In addition to the members and their staffs, there are many other individuals working for the House of Representatives. The staff of the officers, officials and other organization all work to support the legislative work of the member and committee offices.
Elected at the beginning of each Congress, House Officers include the Chaplain, the Chief Administrative Officer, the Clerk of the House, and the Sergeant at Arms. Previous officers included an elected Doorkeeper and Postmaster, which the House folded into the Chief Administrative Officer's position in 1995.
Learn more about the elected House officers from the Office of the Historian.
The Parliamentarian of the House is the authoritative source on legislative proceedings in the House. An appointed officer who serves as a nonpartisan adviser to members, the Parliamentarian's chief duty is to rule on procedure and to advise the House chamber's presiding officer.
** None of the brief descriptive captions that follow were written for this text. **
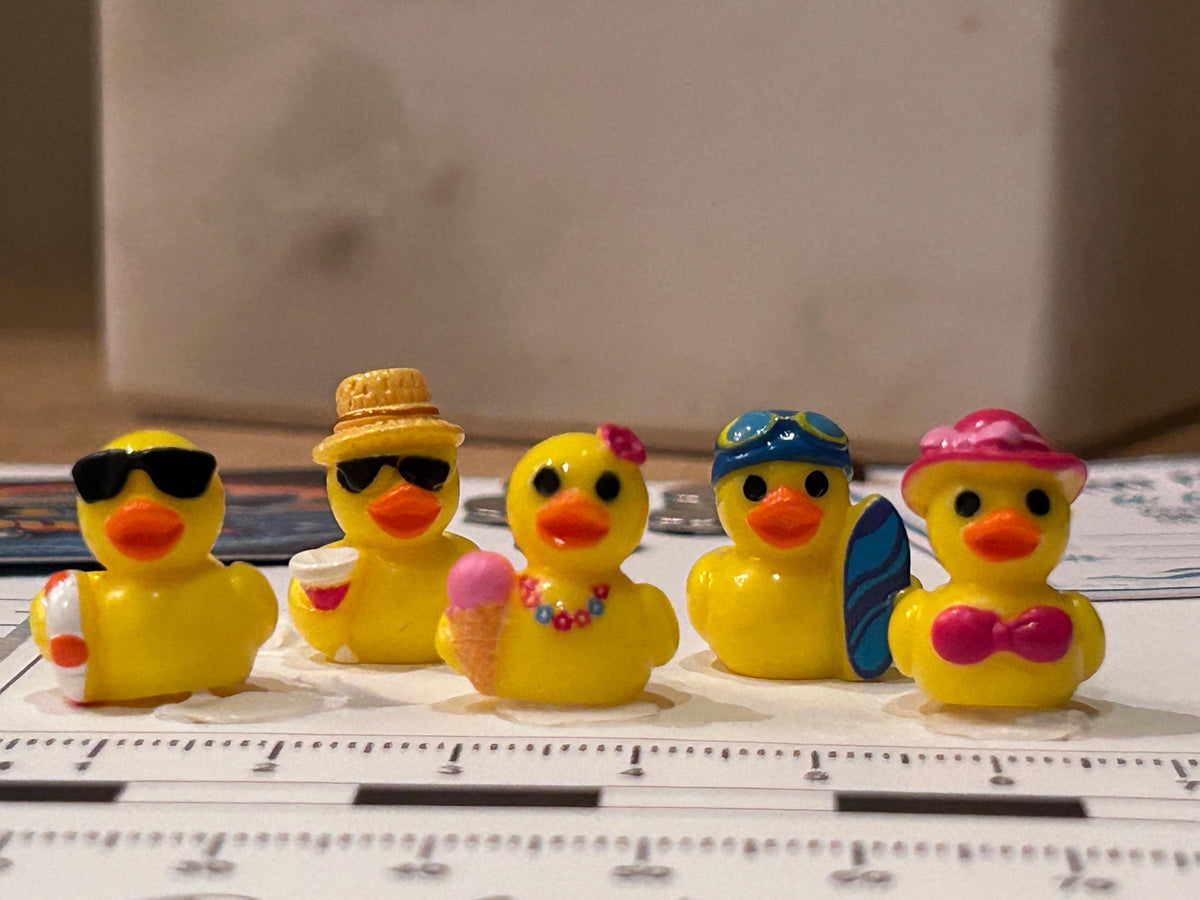 Set of 5, Summer Beach Themed Mini Resin Ducks, Magnetic or Non-Magnetic, Optional Personalized Duck Hiding Tags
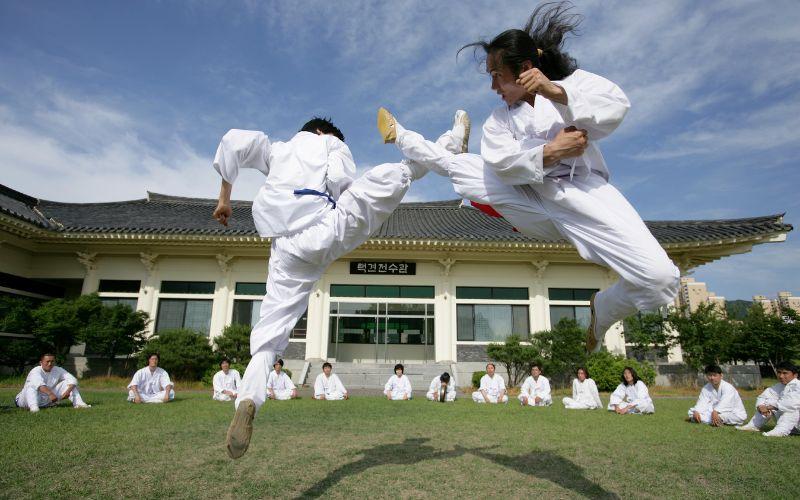 Gerakan anggun atlet taekkyeon yang terlatih terasa lembut dan melingkar, tetapi dapat menggunakan fleksibilitas dan kekuatan yang luar biasa. (Layanan Warisan Korea) 
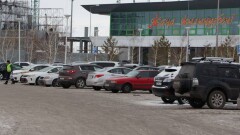 Парковки на вокзале и в аэропорту сделали бесплатными на период морозов в Астане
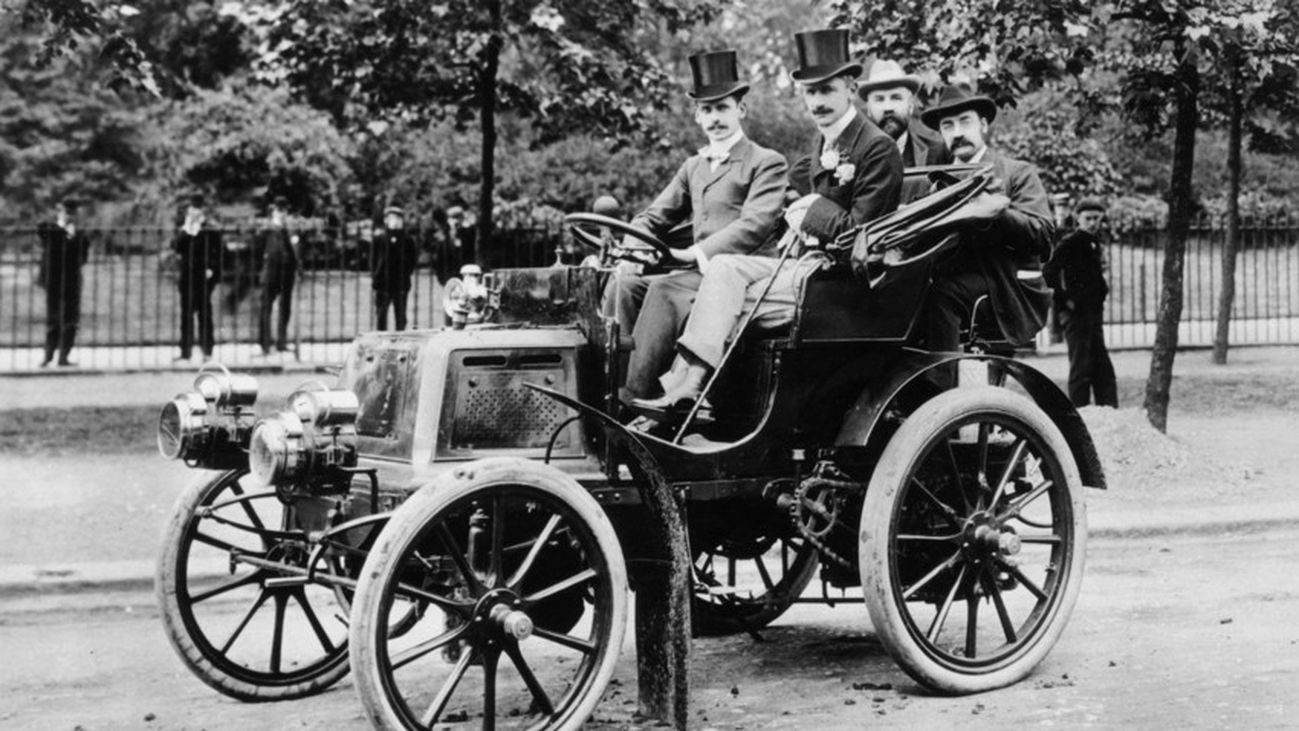 Así eran los coches de lujo de los Diputados en 1886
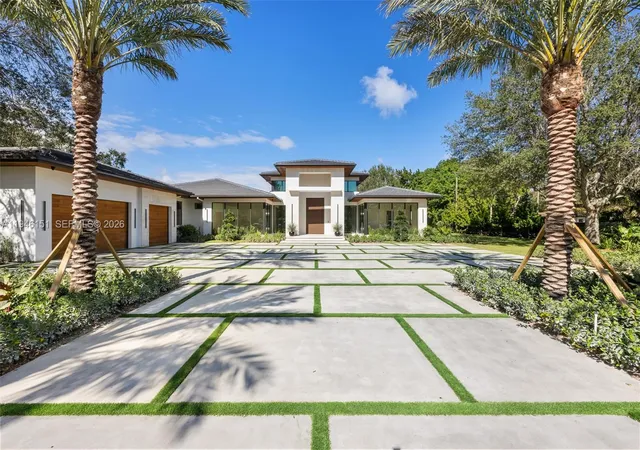 2nd image of 7725 Sw 114th St, Pinecrest, FL 33156 | MLS# A11946151
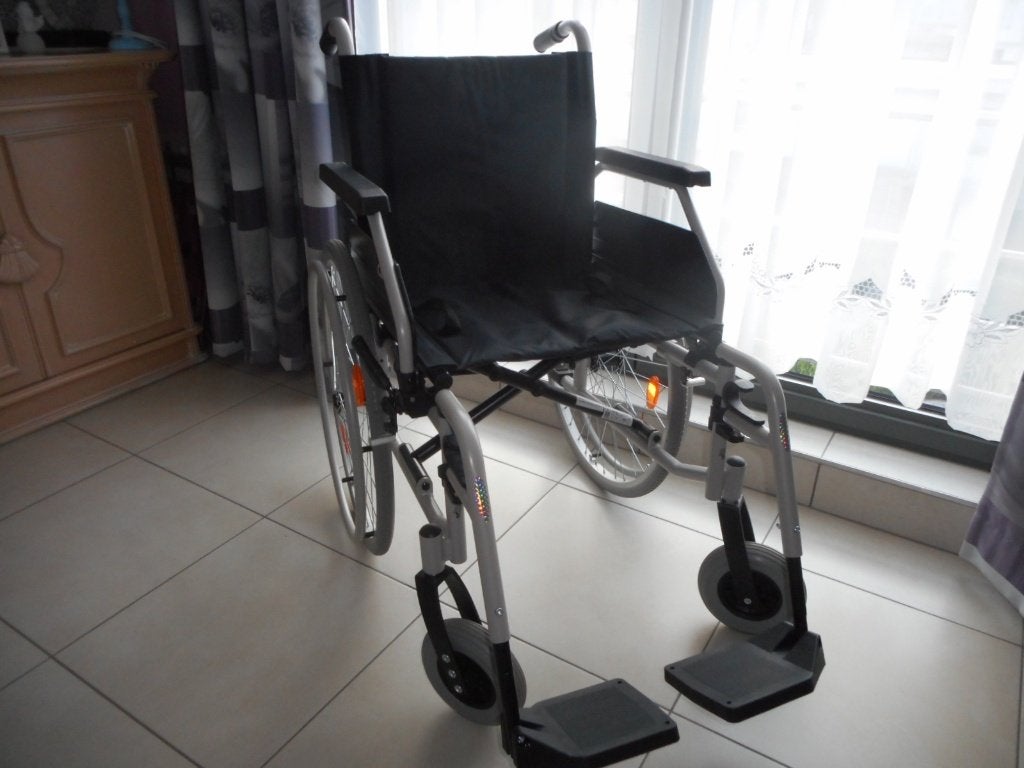 Chaise roulante neuve, Enlèvement, Pliant, Neuf, Fauteuil roulant manuel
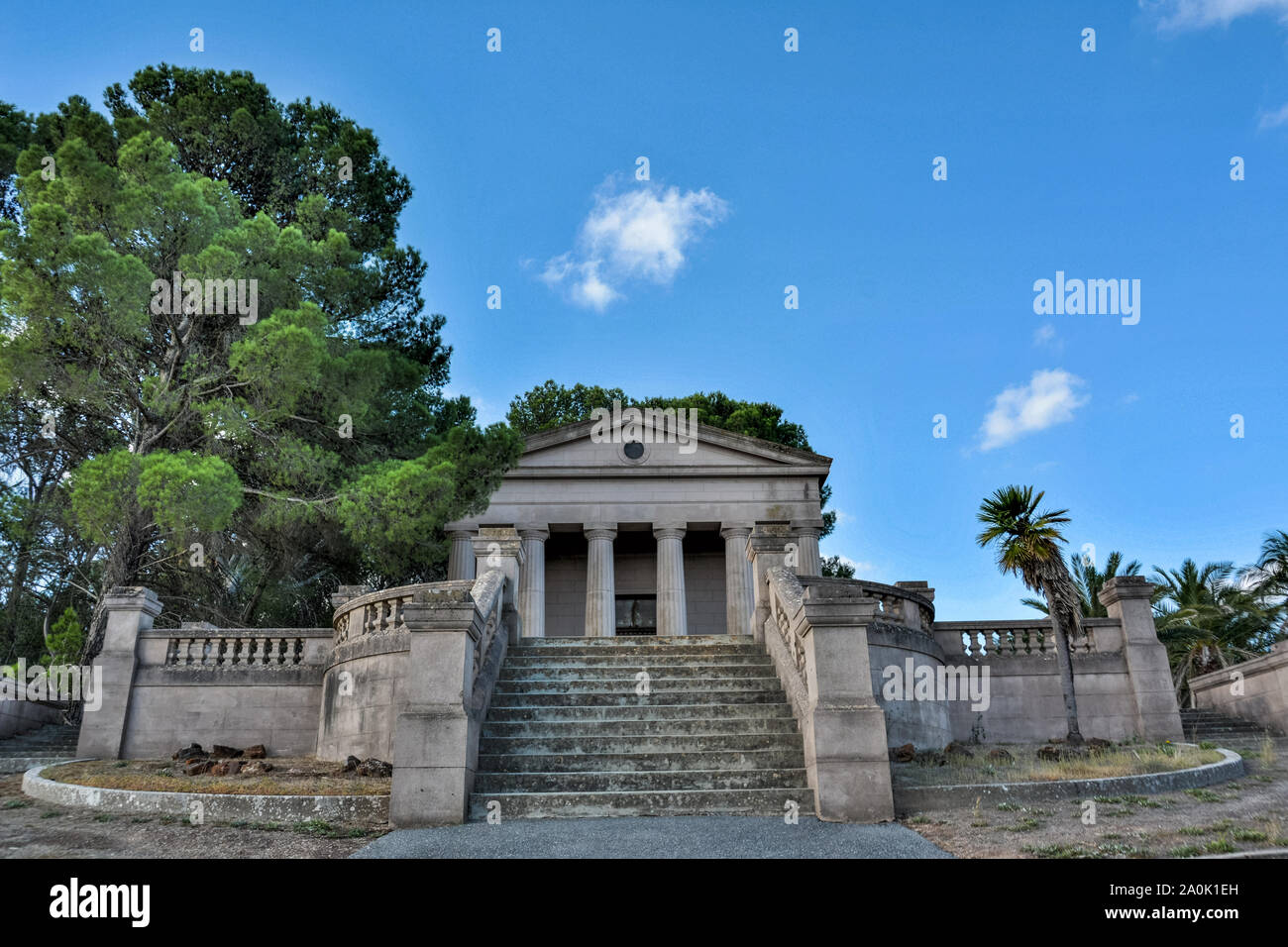 Nuriootpa, South Australia, Australia - March 13, 2017. Exterior view of the Seppelt Family Mausoleum in Nuriootpa, with vegetation. Stock Photo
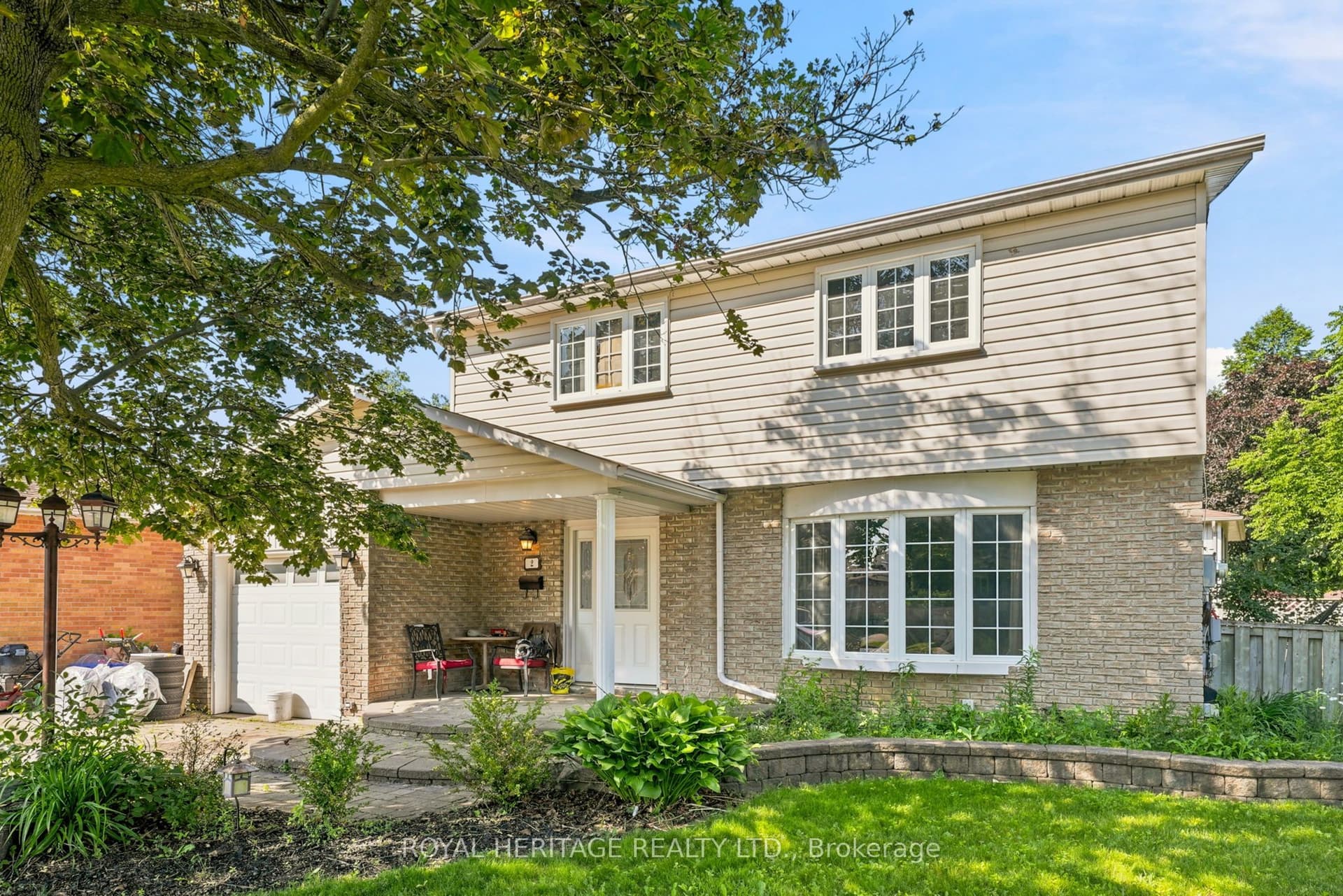 Belton Court, Whitby, ON L1N 5P1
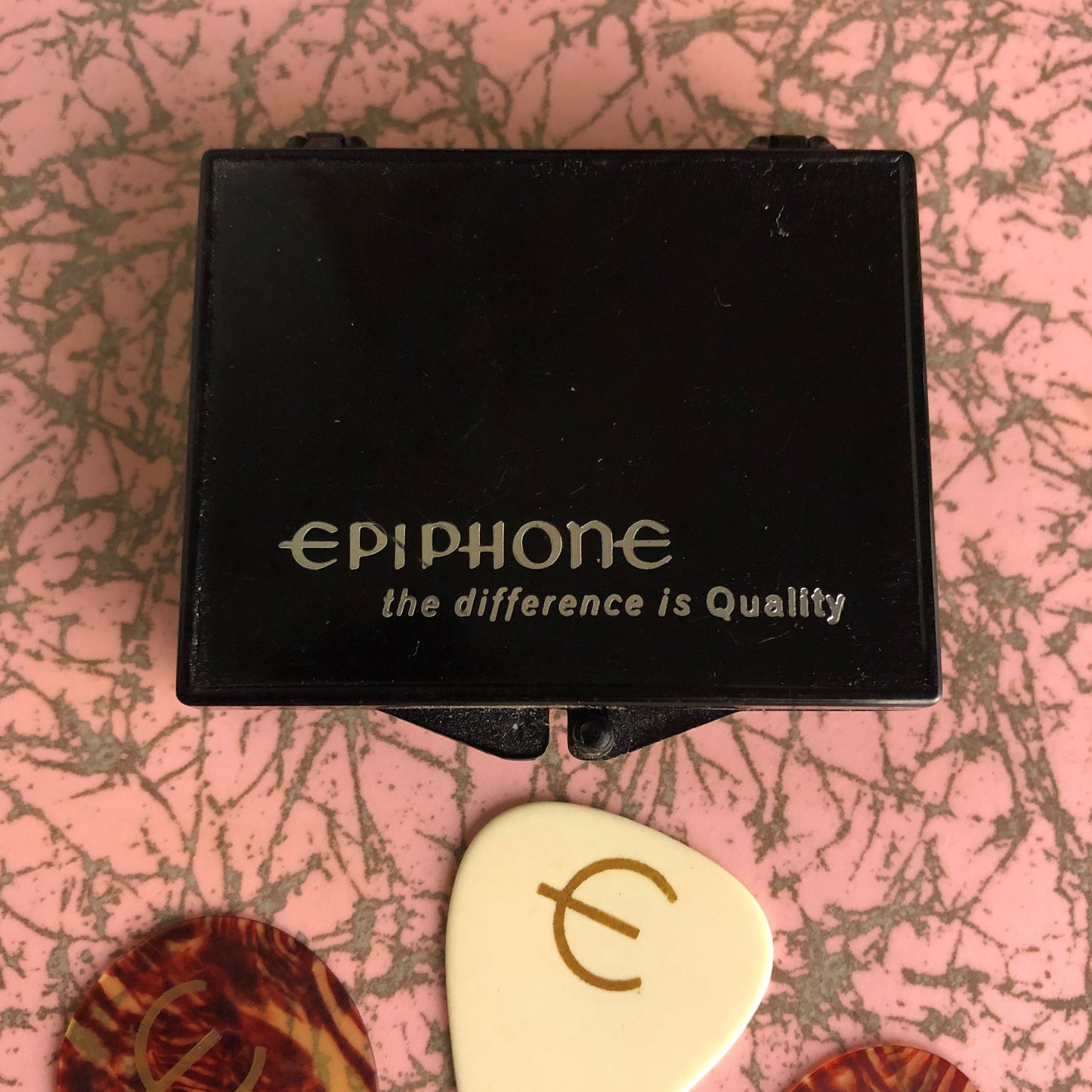 1960s NOS Vintage Epiphone "The Difference is Quality" Pick Case w/ 3 Picks Plectrum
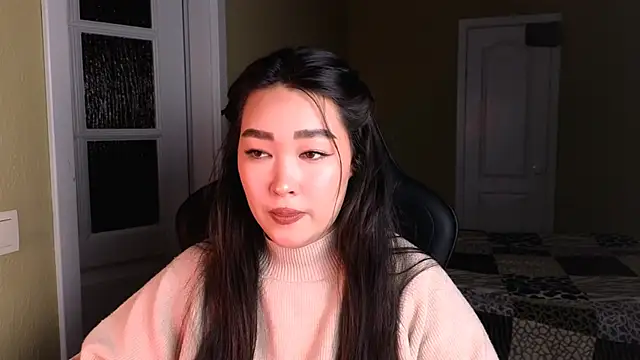 Snapshot of Erica_Wayne chatting on January 8, 5:48 am Erica Wayne online show from January 8, 5:48 am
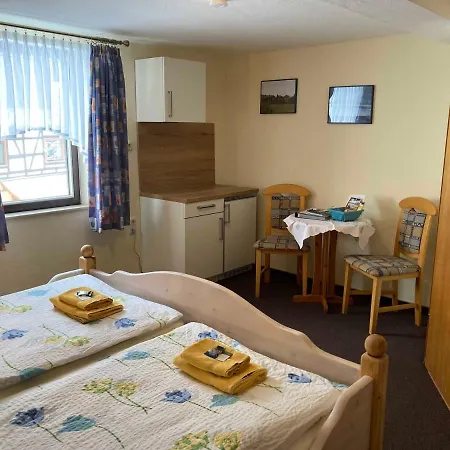 Bauernhofpension Buechsenschuetz Farm stay Harbshausen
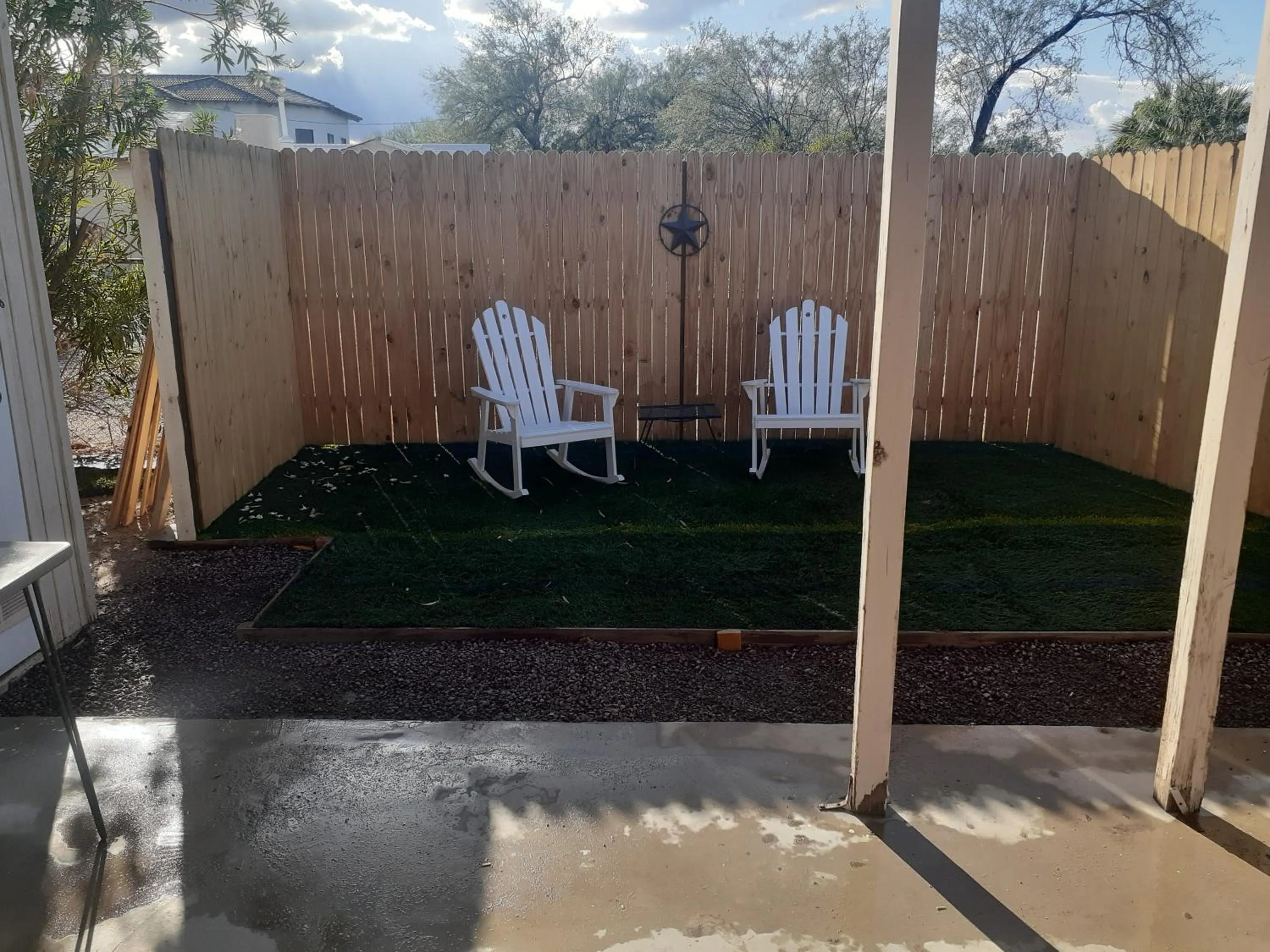 Garden in Stagecoach Suites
Members of Congress and their staffs depend on various organizations to help them do their jobs. These organizations provide a range of services, from guidance on law and legislative proceedings to relations with foreign governments.
The Office of Congressional Ethics conducts internal investigations and transmits information to the House Committee on Standards of Official Conduct.
The Office of Interparliamentary Affairs coordinates official visits to the House by foreign parliamentarians or foreign legislative bodies and officials visits to foreign nations by House members.
The Office of the Law Revision Counsel prepares and publishes the United States Code, which is a consolidation and codification by subject matter of the general and permanent laws of the United States.
The Office of Legislative Counsel assists, on an impartial and confidential basis, committees and members of the House of Representatives, when requested by them, in the drafting of proposed legislation.